-- PROVIDED DATA follows --

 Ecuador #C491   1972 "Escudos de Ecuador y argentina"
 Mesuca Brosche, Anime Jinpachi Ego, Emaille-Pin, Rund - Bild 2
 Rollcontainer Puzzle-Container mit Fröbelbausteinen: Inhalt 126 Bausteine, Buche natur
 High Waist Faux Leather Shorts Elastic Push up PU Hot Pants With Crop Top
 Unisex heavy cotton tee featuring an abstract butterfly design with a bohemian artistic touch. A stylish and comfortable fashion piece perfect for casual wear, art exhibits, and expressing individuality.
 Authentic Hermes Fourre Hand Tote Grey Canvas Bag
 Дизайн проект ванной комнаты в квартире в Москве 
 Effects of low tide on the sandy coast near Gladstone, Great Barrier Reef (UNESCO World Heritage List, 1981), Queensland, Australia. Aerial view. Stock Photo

-- PROVIDED DATA concluded --
-- PROVIDED DATA follows --

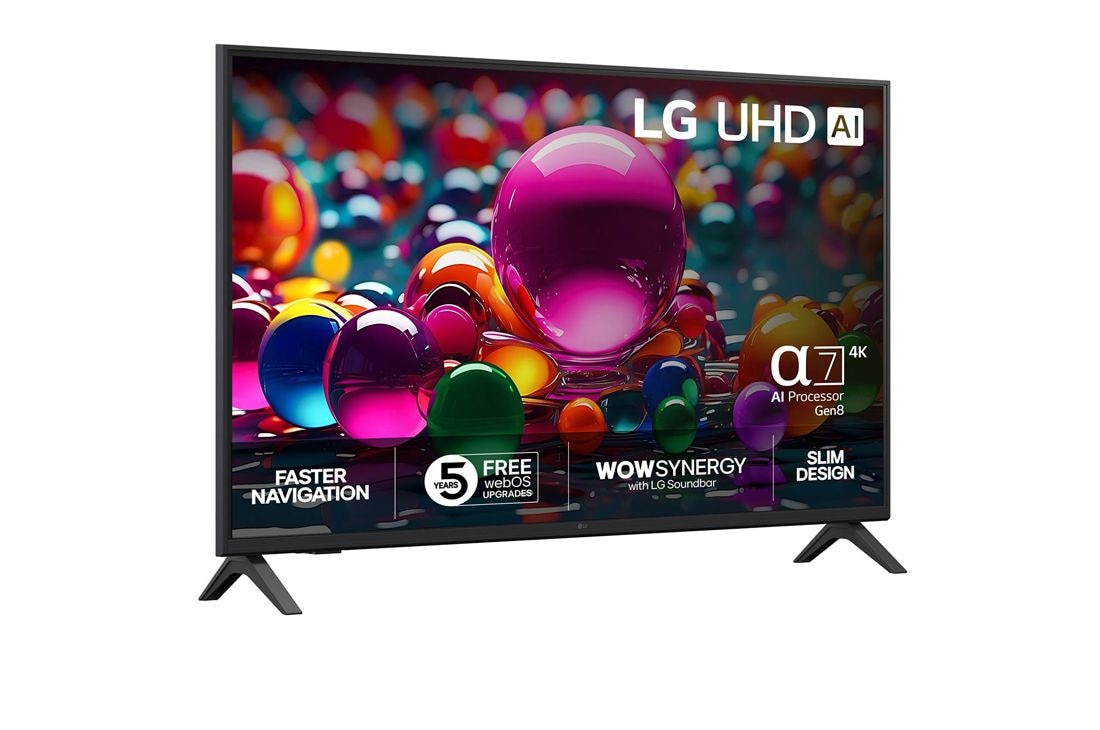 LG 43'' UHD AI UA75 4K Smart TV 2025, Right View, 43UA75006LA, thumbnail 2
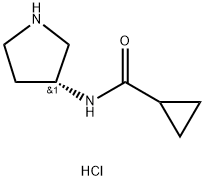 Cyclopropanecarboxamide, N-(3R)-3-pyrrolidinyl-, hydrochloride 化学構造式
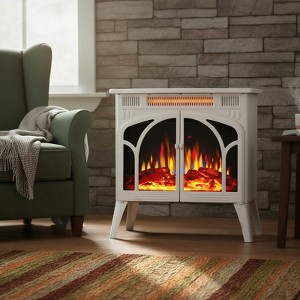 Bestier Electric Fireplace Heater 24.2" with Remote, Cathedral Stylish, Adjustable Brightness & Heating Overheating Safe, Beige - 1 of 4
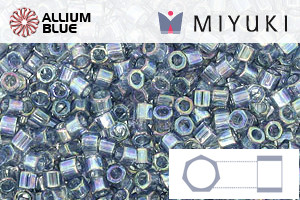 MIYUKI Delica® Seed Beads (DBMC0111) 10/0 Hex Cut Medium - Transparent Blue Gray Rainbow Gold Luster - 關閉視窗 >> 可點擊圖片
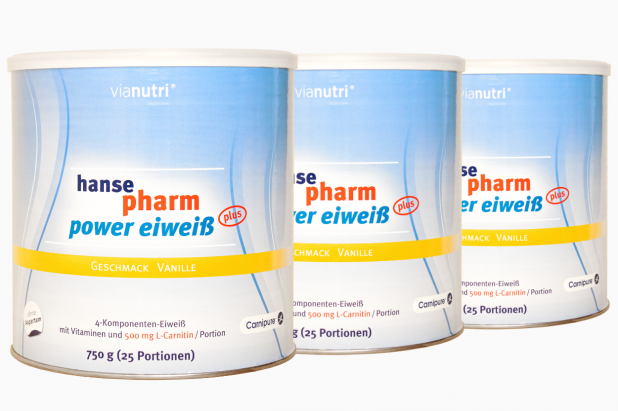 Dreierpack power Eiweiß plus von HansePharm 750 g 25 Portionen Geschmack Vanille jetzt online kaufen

-- PROVIDED DATA concluded --

→ **EXERCISE DESCRIPTION**:
Starting at the line containing "Bestier Electric Fireplace" and finishing at the line containing "Dreierpack power Eiweiß", return those lines exactly as they appear above, without the pictures.

→ **YOUR RESPONSE**:
 Bestier Electric Fireplace Heater 24.2" with Remote, Cathedral Stylish, Adjustable Brightness & Heating Overheating Safe, Beige - 1 of 4
 MIYUKI Delica® Seed Beads (DBMC0111) 10/0 Hex Cut Medium - Transparent Blue Gray Rainbow Gold Luster - 關閉視窗 >> 可點擊圖片
 Dreierpack power Eiweiß plus von HansePharm 750 g 25 Portionen Geschmack Vanille jetzt online kaufen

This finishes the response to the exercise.